--- START ---
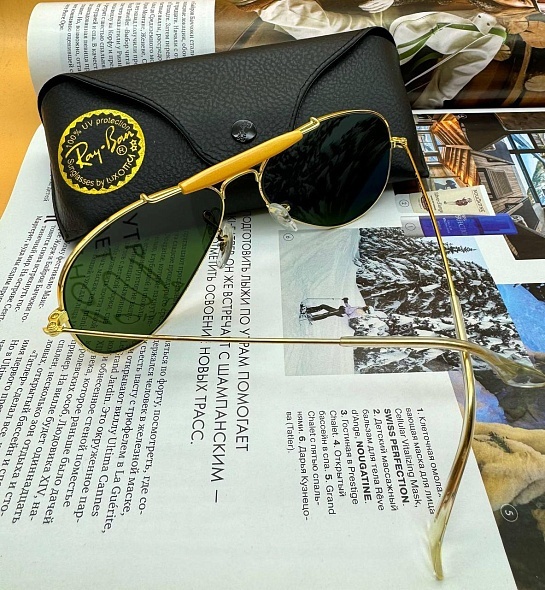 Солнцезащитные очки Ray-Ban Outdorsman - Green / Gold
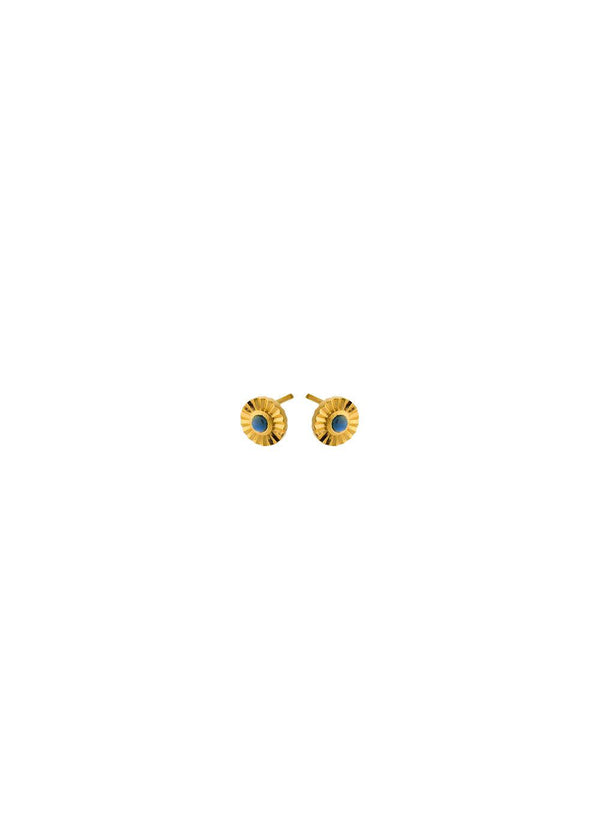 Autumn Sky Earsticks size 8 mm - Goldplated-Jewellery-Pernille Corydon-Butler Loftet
--- END ---
--- START ---
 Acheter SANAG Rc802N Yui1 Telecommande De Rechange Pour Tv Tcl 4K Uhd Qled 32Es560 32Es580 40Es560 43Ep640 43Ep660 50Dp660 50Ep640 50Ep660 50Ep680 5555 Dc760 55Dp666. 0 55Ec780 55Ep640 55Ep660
--- END ---
--- START ---
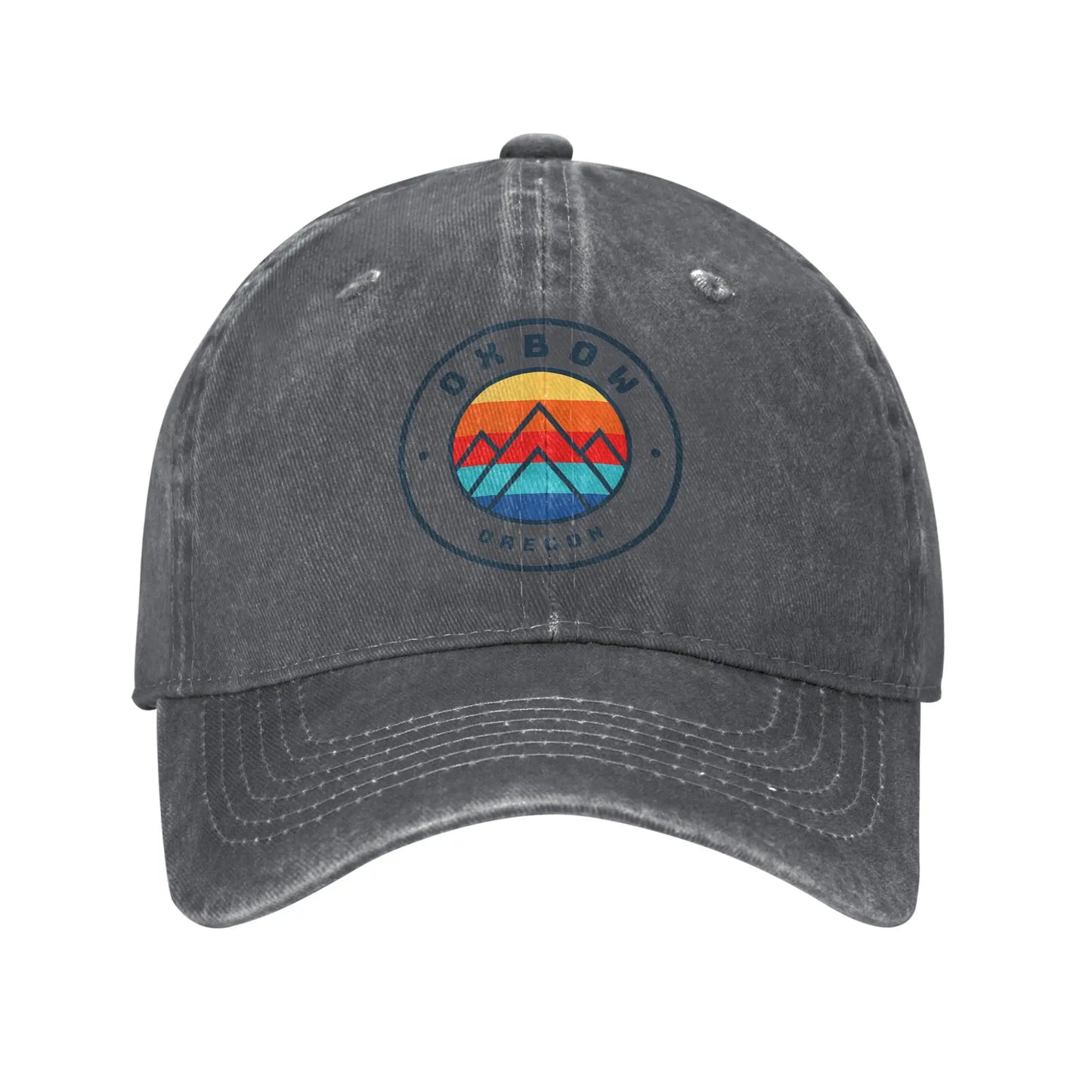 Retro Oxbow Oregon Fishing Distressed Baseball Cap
--- END ---
▸ Work item: Everything above from the line with "Солнцезащитные очки Ray-Ban" through the line with "Autumn Sky Earsticks" should be retyped exactly, and nothing else; omit pictures.

▸ Response:
 Солнцезащитные очки Ray-Ban Outdorsman - Green / Gold
 Autumn Sky Earsticks size 8 mm - Goldplated-Jewellery-Pernille Corydon-Butler Loftet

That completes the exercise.